Records drawn from a dataset:
--- START ---
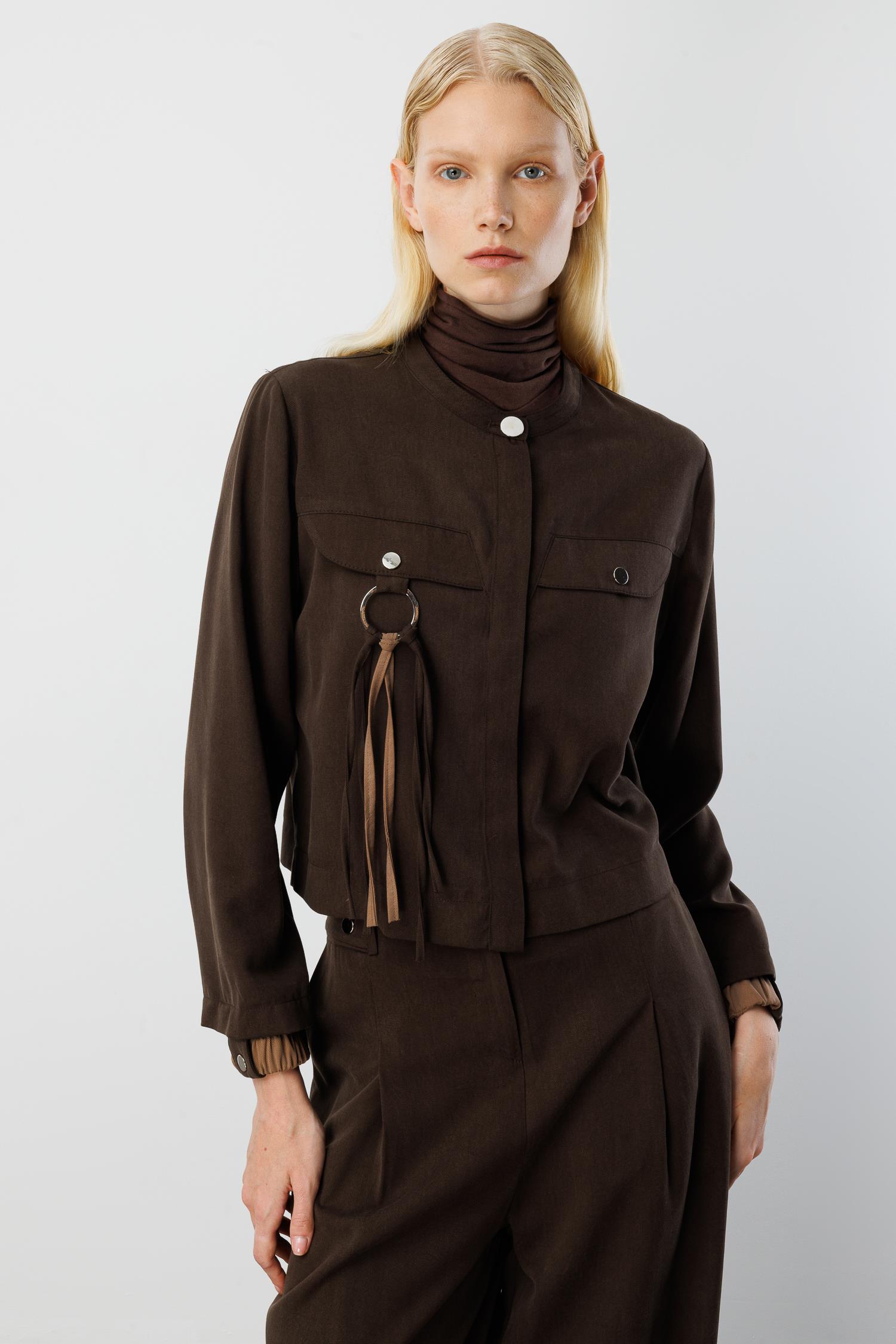 Modailgi  Sıfır Yaka Lastik Manşetli Cebi Metal Aksesuar ve Biye Detaylı Gömlek - 40043 Kahve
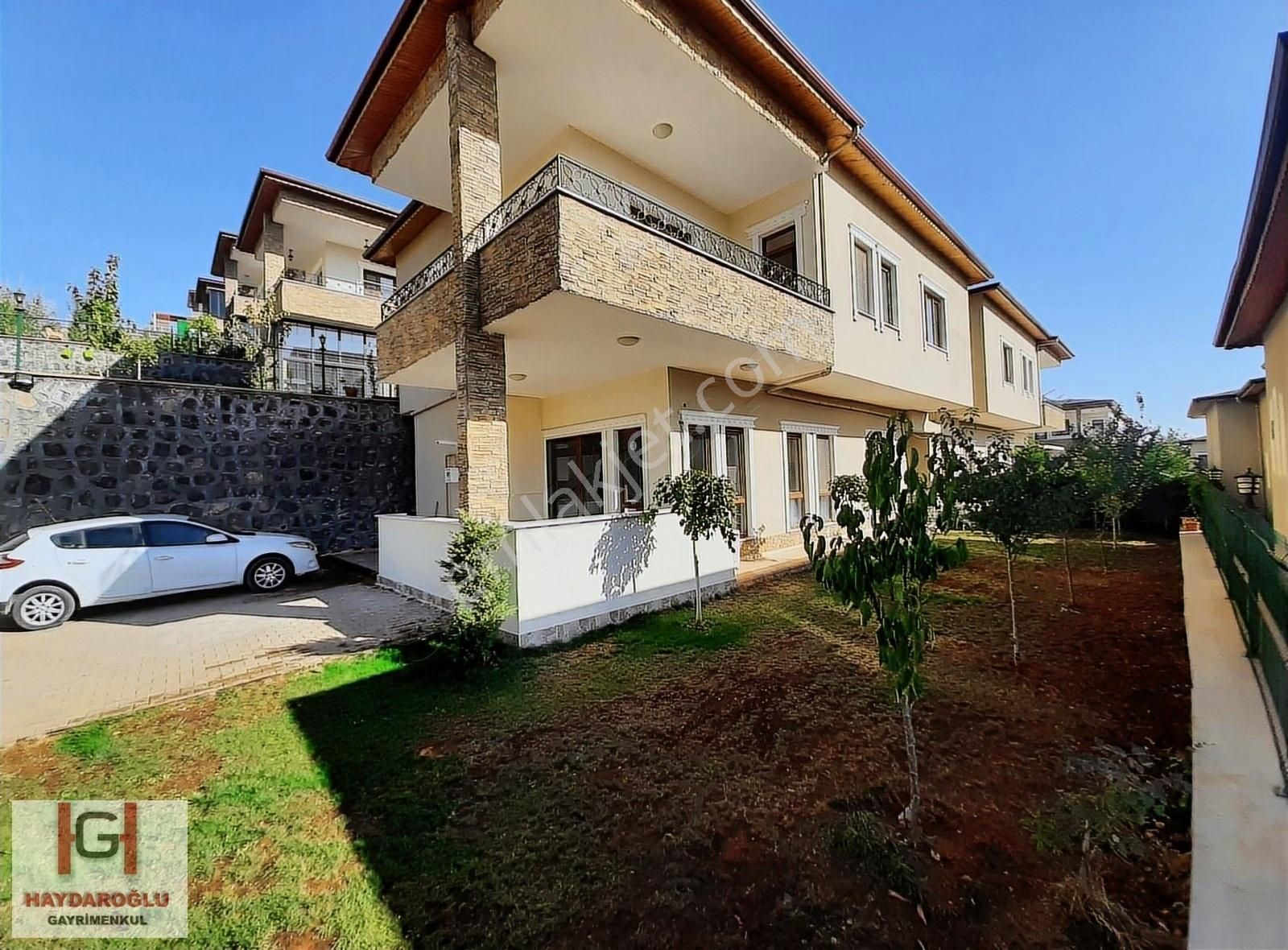 Oğuzeli Şahinbey Satılık Villa Gaziantep Oğuzeli Körkün Şahinbey de Site İçi Satılık 4+1 Villa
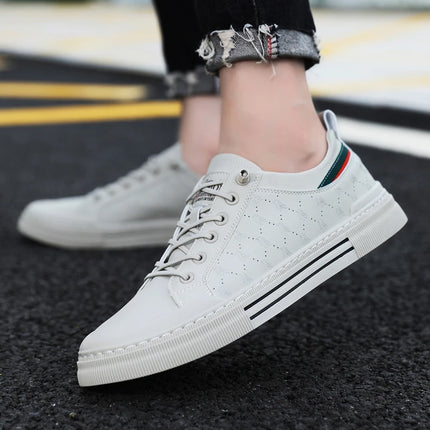 Men's lightweight skate shoes, everyday casual sneakers for men, colors: white and beige, sizes 39 to 46.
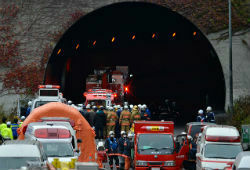 В тоннеле около Токио произошло обрушение - двое погибли, трое спасены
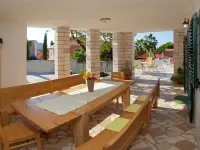 Sumartin Villa with Private Pool
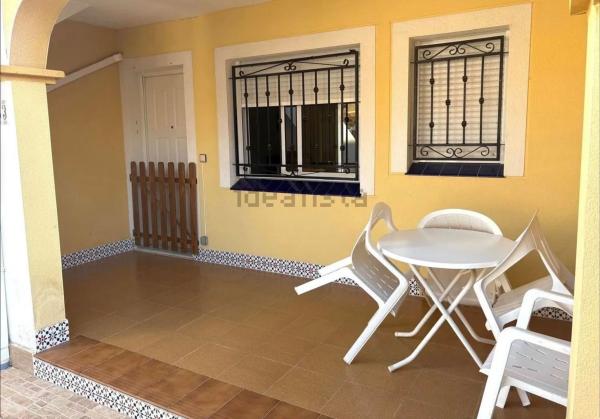 Venta de piso en Piso en Calle Lagunas de Ruidera, 648, Zona Lago - Los Almendros, Orihuela, Orihuela
 photo 4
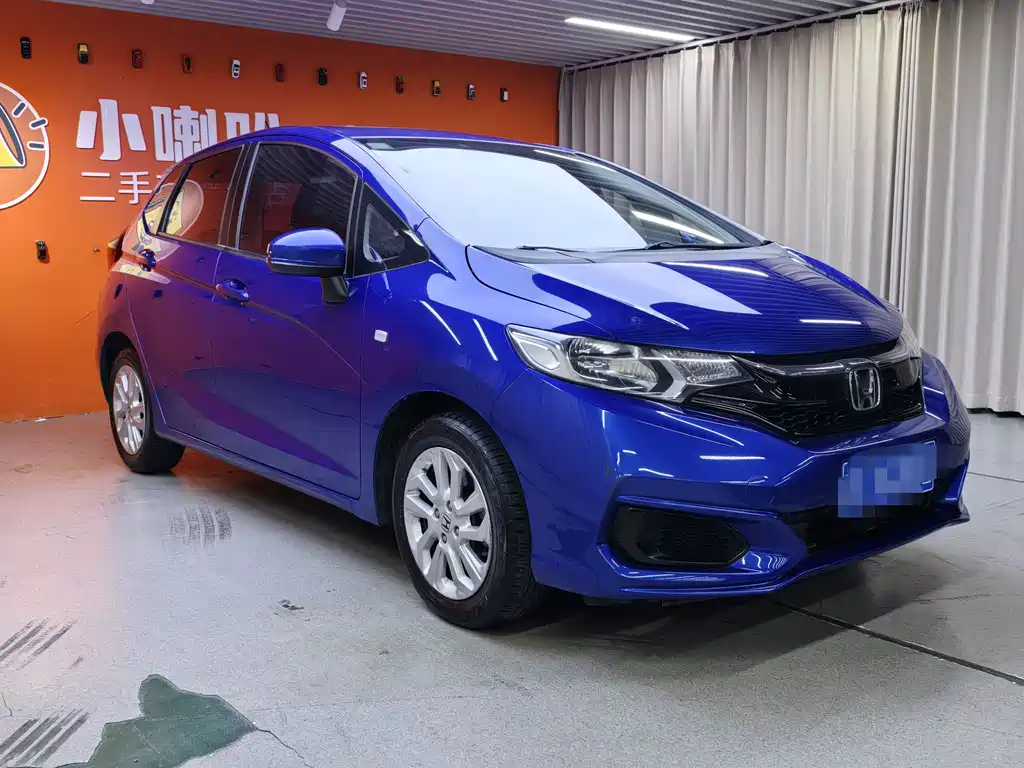 Fit 2018 1.5L CVT Comfort Sunroof Edition купить на сайте DeffCars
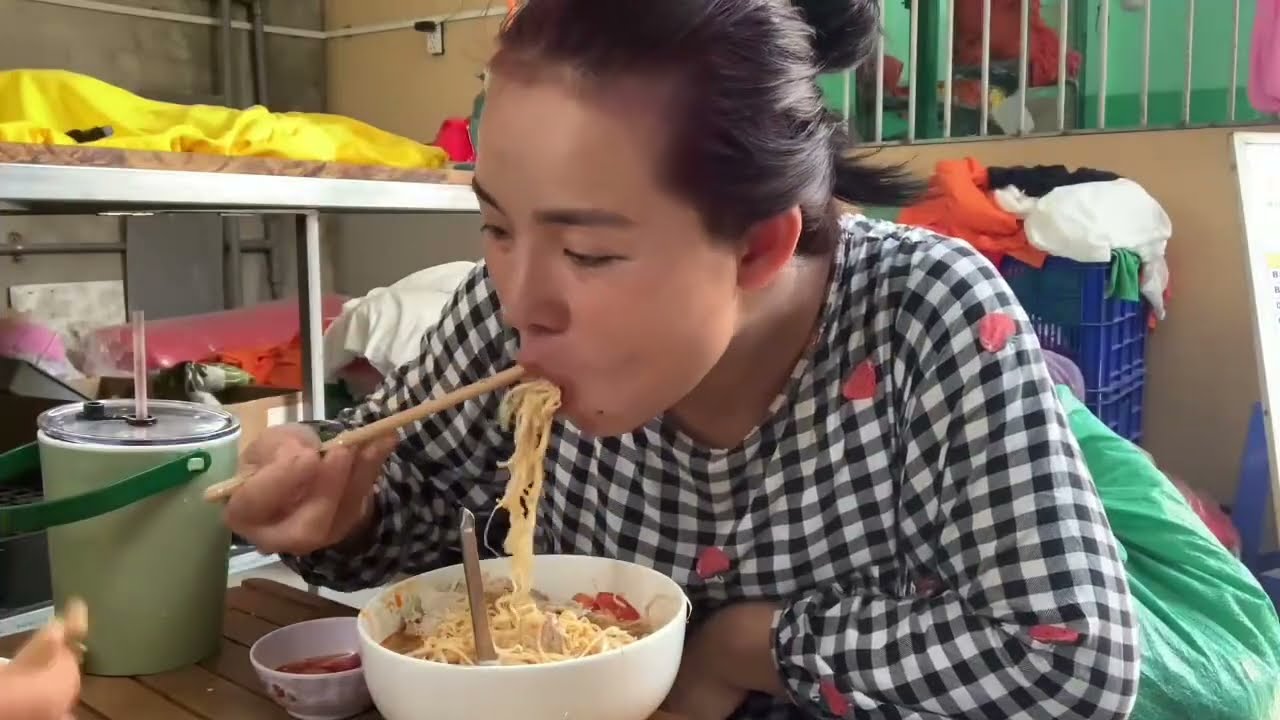 Ăn Mỳ gói vẫn ngon lành - Ăn cùng nhau món gì cũng thấy ngon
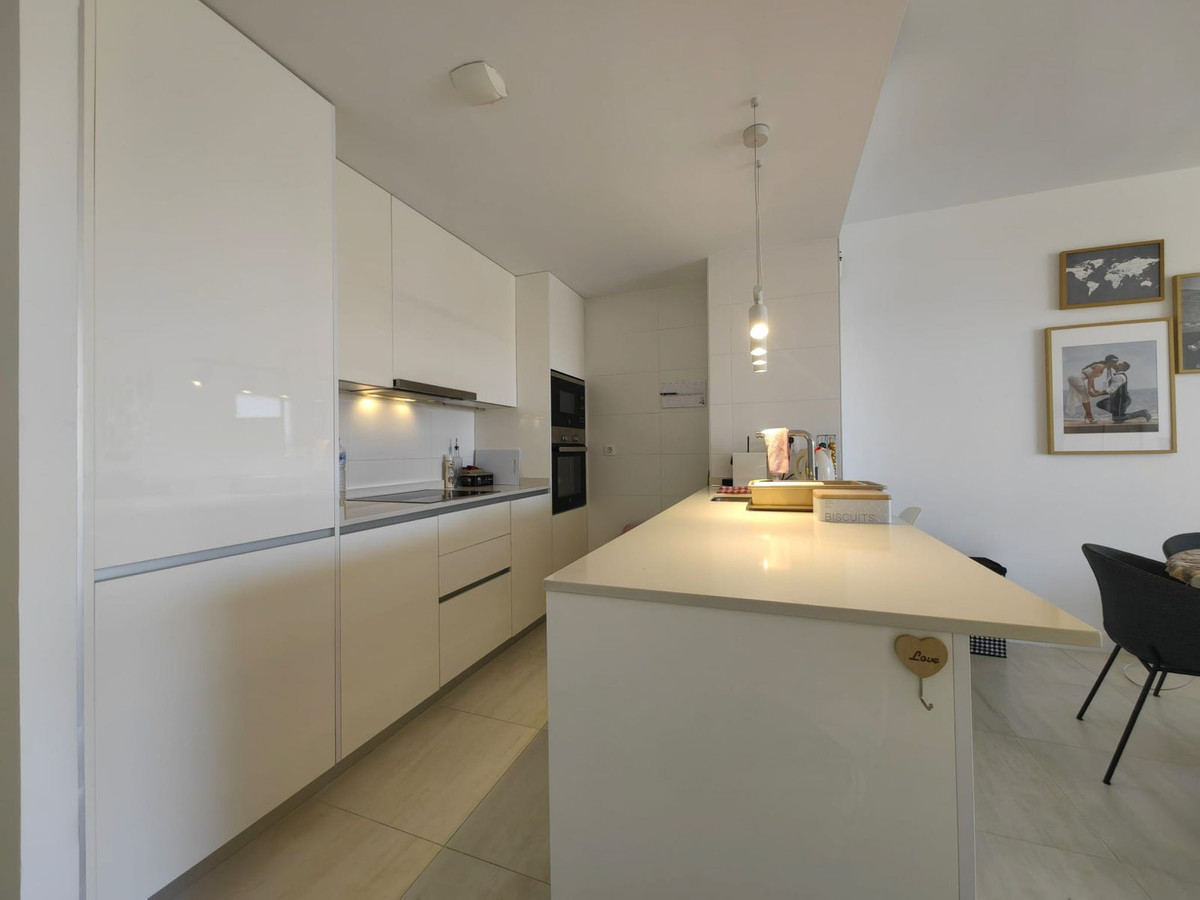 Middle Floor Apartment in Estepona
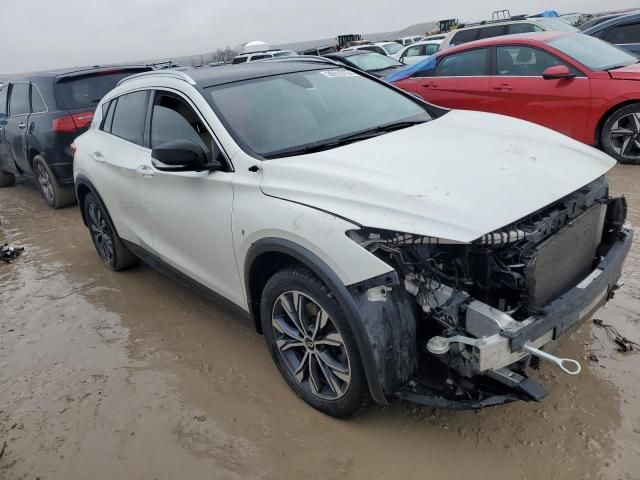 2017 Infiniti QX30 Base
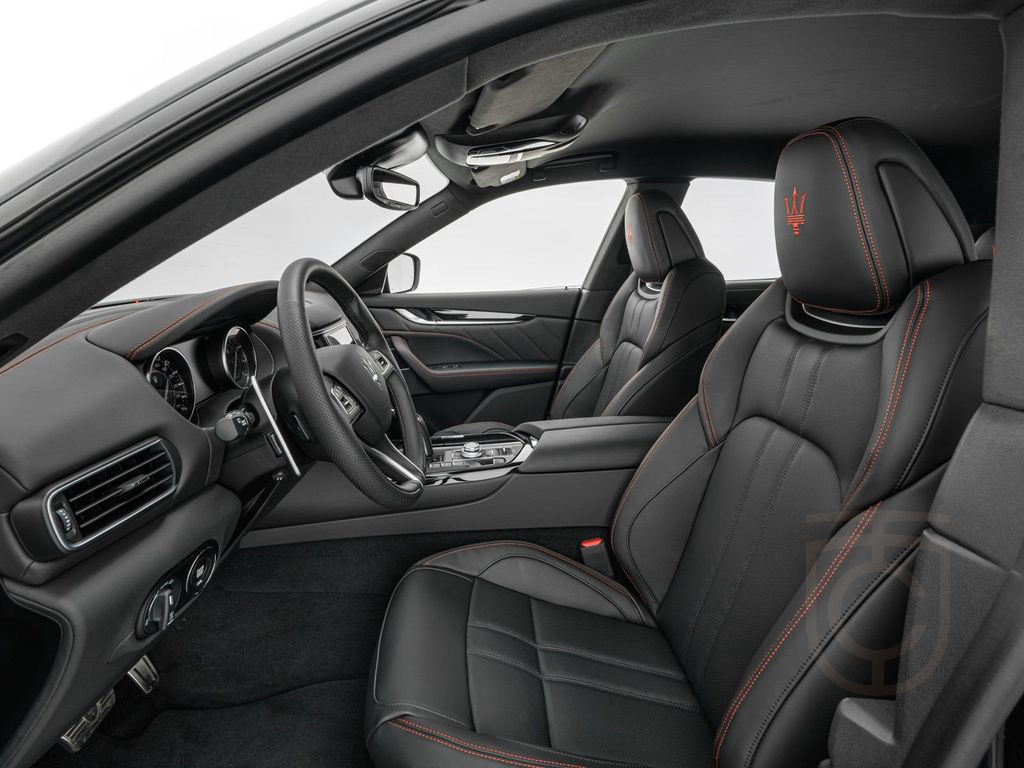 Maserati Levante Modena S ULTIMA TAGESZULASSUNG AKTION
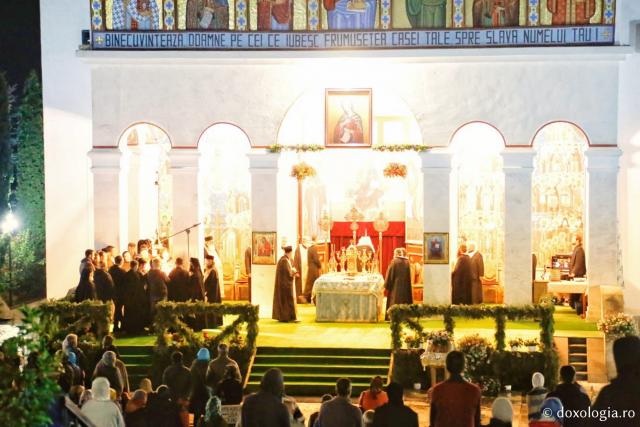 (Foto) Mănăstirea Sihăstria în ajunul hramului Sfintei Teodora de la Sihla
--- END ---
* Work to be completed
Could you return each line, unchanged, from the line containing "Ăn Mỳ gói vẫn" through the last line of the entries above, leaving out the pictures?

* Response for this exercise
 Ăn Mỳ gói vẫn ngon lành - Ăn cùng nhau món gì cũng thấy ngon
 Middle Floor Apartment in Estepona
 2017 Infiniti QX30 Base
 Maserati Levante Modena S ULTIMA TAGESZULASSUNG AKTION
 (Foto) Mănăstirea Sihăstria în ajunul hramului Sfintei Teodora de la Sihla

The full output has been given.